Une fenêtre sur l’actualité quotidienne de tous les événements liés directement ou indirectement au tabac
31 Mar 2025 | Trafic
 

Il y a une semaine, nous présentions les chiffres douaniers sur les saisies de tabac de contrebande et de contrefaçon de l’année dernière (voir 24 et 25 mars).

De quoi inciter à revenir sur les autres indicateurs dont nous disposons concernant ce marché parallèle du tabac (c’est-à-dire tout ce qui est consommé mais ne vient pas du réseau officiel des buralistes).
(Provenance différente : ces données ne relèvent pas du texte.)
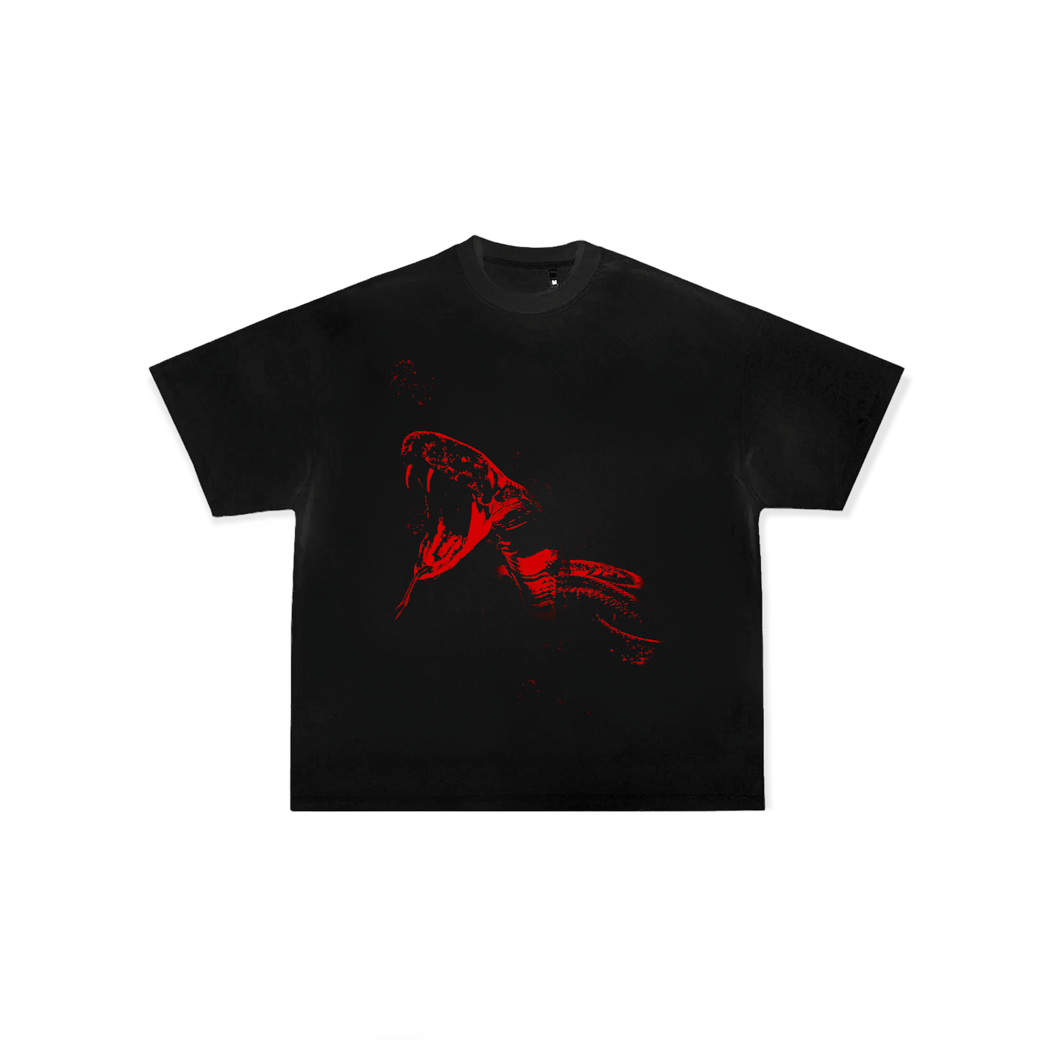 Red Snake | T-Shirt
Un phénomène qui s’aggrave parce qu’il s’enracine …

Il s’agit des données de la récente étude du cabinet EY Parthenon portant précisément sur les impacts des trafics de produits de tabac en France (voir 27 et 30 décembre 2024, 1er janvier 2025).
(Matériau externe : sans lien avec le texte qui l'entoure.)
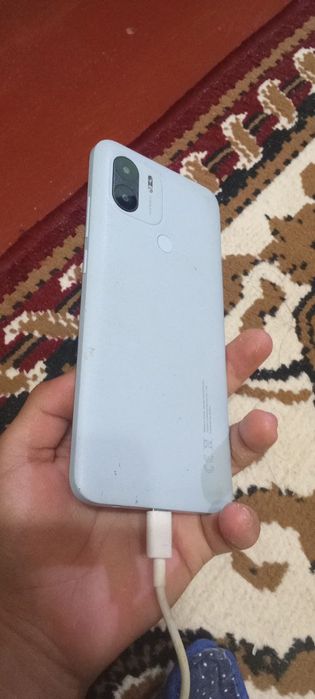 redmi note  a02+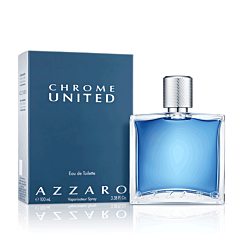 AZZARO Chrome United EdT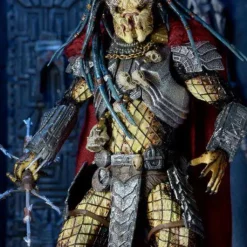 Brand new ❤️ NECA Series 17 Elder Predator Action Figure ⭐ -US Horror Sales 2022 neca17elder inset2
••Le marché parallèle du tabac s’enracine parce qu’il est fortement lucratif : les trafics de tabac de contrebande et de contrefaçon ont apporté 2,3 milliards d’euros de rentrées financières sonnantes et trébuchantes pour leurs organisateurs et complices (passeurs, transporteurs, revendeurs) sur la seule année 2023. À comparer avec la totalité des remises tabac touchées par les buralistes – le réseau officiel – sur la même période : 2 milliards d’euros.
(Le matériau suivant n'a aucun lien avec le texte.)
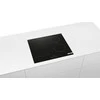 Bosch PVS611BB6E Serija 4, Indukcinė kaitlentė, 60 cm, Juodas, kaitlentė be rėmo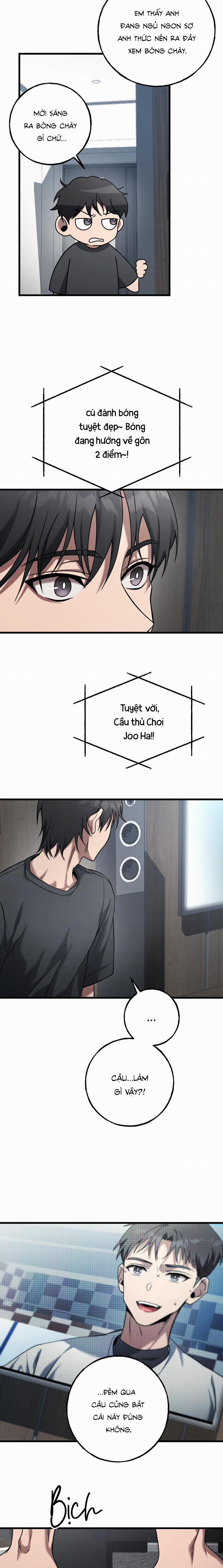 Cầu Thủ Bóng Chày Hư Hỏng 7 trang 16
•• Il s’enracine parce qu’il génère du cash dans des conditions de très haute rentabilité pour « ses investisseurs ». L’étude EY Parthenon reprend une estimation faite par des spécialistes : une usine clandestine de tabac génère 80 % de marge.

•• Il s’enracine parce qu’il se banalise dans la vie quotidienne des Français : un tiers des fumeurs réguliers, ayant répondu à une récente enquête IFOP, affirme ne pas avoir acheté de produits du tabac chez un buraliste les 12 derniers mois.